AKP’nin ekin ve sanat düşmanlığına en çarpıcı örnek ise “Mehmet Aksoy Olayı”dır.


Dünyaca ünlü sanatçımız Mehmet Aksoy, dönemin AKP’li belediyesinin isteği üzerine, Kars’ta “İnsanlık Anıtı” adlı dev bir yontunun çalışmalarına başlıyor. Anıtın ana iletisi “dostluk ve barış”. Yapıtta, “insanların ayrılmasının, yarılmasının, bölünmesinin acılara, gözyaşlarına neden olacağı” düşüncesi yansıtılmaya çalışılıyor. Yontu henüz tamamlanmamış. Ama her konuda kendini uzman sanan Başbakan Recep Tayyip Erdoğan, 8 Ocak 2011 günü Kars’ta bir “seçmene selam” konuşması yaparak “İnsanlık Anıtı”na saldırıyor. Dünya çapındaki bir sanatçının yapıtını “ucube” olarak nitelendiriyor ve “Bunu hemen buradan kaldırın!” diye yerel yöneticilere emir veriyor! Sanatın ve sanatçının yanında olması gereken Kültür Bakanı, önce kem küm ediyor, sonra Başbakan’dan zılgıt yiyince sesini kesiyor. Durumdan görev çıkaran Dışişleri Bakanı Ahmet Davutoğlu ise hemen Başbakan’a destek çıkıyor, derin mimarlık ve sanat tarihi bilgisiyle, “Bu heykel Kars’a hiç yakışmadı!” diyor.

Başbakan’ın, “Kaldırın bu ucubeyi buradan” diyerek kürsüden verdiği buyruğa, Kars Belediye Meclisi’nin AKP’li ve MHP’li üyeleri, “Ferman padişahımızındır” yaklaşımıyla boyun eğince, daha önce yine AKP’li bir Belediye Başkanı’nın (Naif Alibeyoğlu) isteğiyle yapımına başlanan “İnsanlık Anıtı” için bu kez oybirliği ile yıkım kararı alınıyor.

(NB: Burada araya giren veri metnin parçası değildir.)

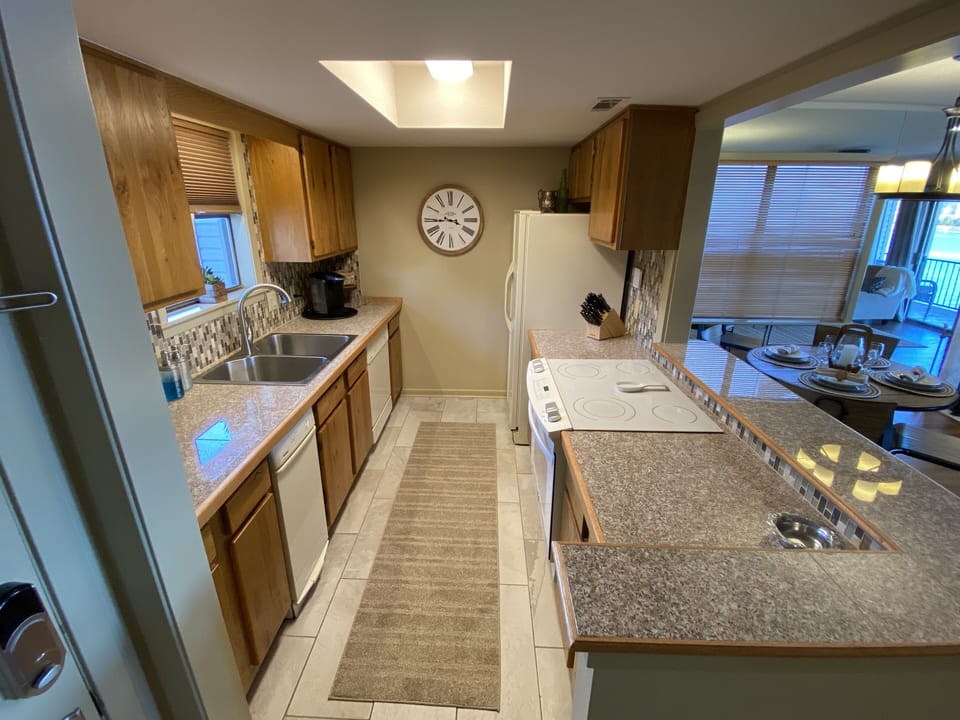 Fully stocked kitchen including coffee makers, kitchen appliances, and much more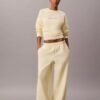 Pantalones de chándal de felpa de pierna ancha con monólogo Pantalones de chándal de felpa de pierna ancha con monólogo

Böylece, MHP Genel Başkanı Devlet Bahçeli’nin her hafta grup toplantısında AKP ve Başbakan Erdoğan hakkında ettiği ağır sözlerin nasıl bir aldatmaca ve oyun olduğu, bu tarihsel işbirliği ile belgelenmiş oluyor…

İlk saldırı değil!

Mehmet Aksoy, üstün nitelikli yapıtlarıyla dünya çapında ün kazanmış bir sanatçımızdır. Türkiye’nin pek çok ilinde onun özgün çalışmaları vardır. Datça’daki Can Yücel gömüt yontusu da Mehmet Aksoy’un imzasını taşır.

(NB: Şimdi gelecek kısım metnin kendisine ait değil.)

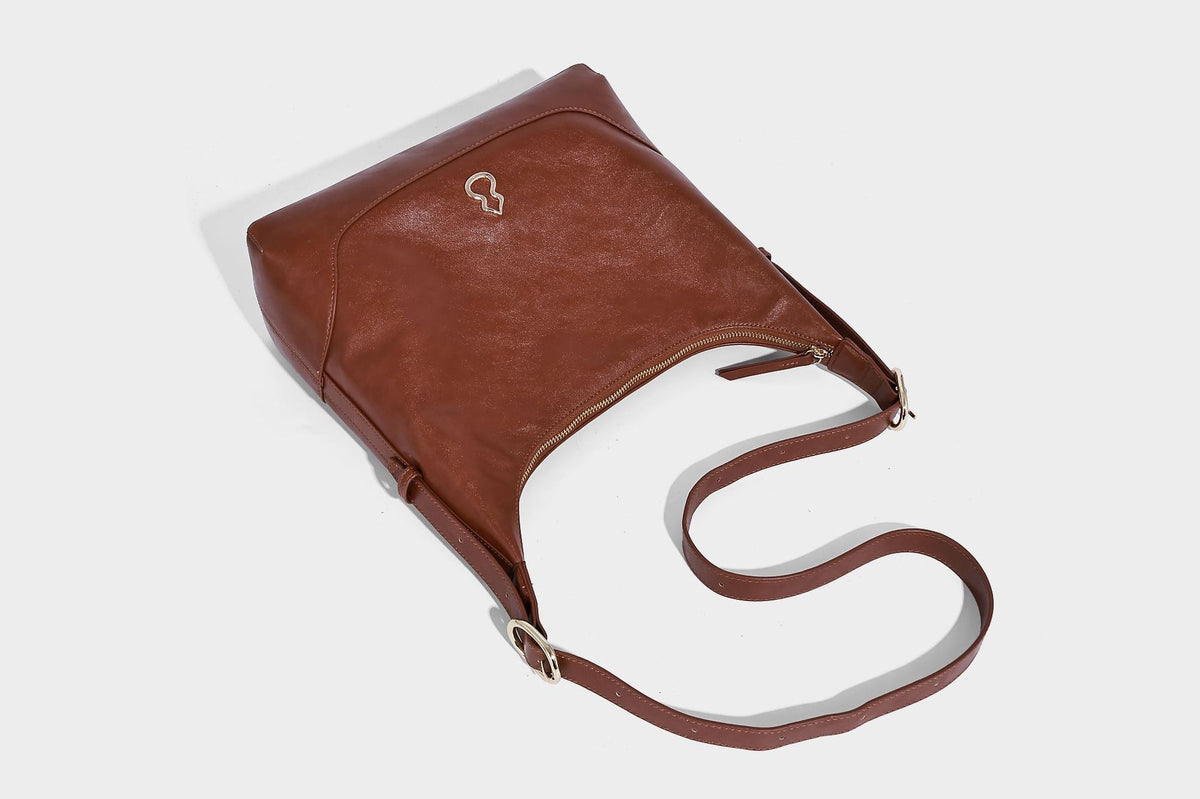 Glossy leather-look slouchy hobo shoulder bag with zip closure, gold-tone hardware, and adjustable strap, detail view 23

AKP’lilerin Mehmet Aksoy’a karşı düşmanlığı yeni değildir. Unutmuş olanlara anımsatayım: Daha önce de bu partinin Ankara Anakent Belediye Başkanı İ. Melih Gökçek, sanatçının “Periler Ülkesinde” yontusunu “müstehcen” bularak kaldırmış, bununla da yetinmeyerek, “Tüküreyim böyle sanatın içine!” diyerek, adını sanat tarihine yazdırmıştı! Bu insanlar, sanat yapıtları konusunda nasıl böyle uluorta konuşabiliyorlar? Hangi bilgilerine ve uzmanlıklarına dayanarak sanatı, sanatçıyı yargılayabiliyorlar? Benim usuma, “Cahil, cüretkâr olur!” sözü geliyor. Bunun başka bir açıklaması olamaz.AKP yanlısı gazeteler, “İnsanlık Anıtı”nın SİT alanında kaçak yapıldığına ilişkin yalan haberler yayarak kamuoyunu yanıltmaya çalışıyor. Oysa Mehmet Aksoy, yapımına 2006 yılında başlanan anıt için Kars Belediyesi ile ayrıntılı sözleşme imzaladıklarını anımsatıyor; konuyu yargıdan sonra Uluslararası Anıtlar ve SİT’ler Konseyi’ne de taşıyacağını söylüyor. Mehmet Aksoy’a ve onun yapıtına yönelik bu ağır saldırı karşısında sessiz kalamayız. Türkiye’nin tüm aydınları, sanatçıları, AKP’nin sanatı aşağılayan tutumuna karşı ortak bir duyarlılık sergilemelidir.

Taliban zihniyeti

AKP’nin resim ve yontu karşıtlığı, geçmişteki “Milli Görüş” çizgisinin günümüzdeki uzantısıdır. Bu düşmanlık, AKP’nin ideolojik köklerinde ve genlerinde vardır. Her fırsatta karşımıza bu yüzleriyle çıkmaları rastlantı değildir. Yontuyu “put” gören bir anlayışın temsilcisidir İslamcı akım.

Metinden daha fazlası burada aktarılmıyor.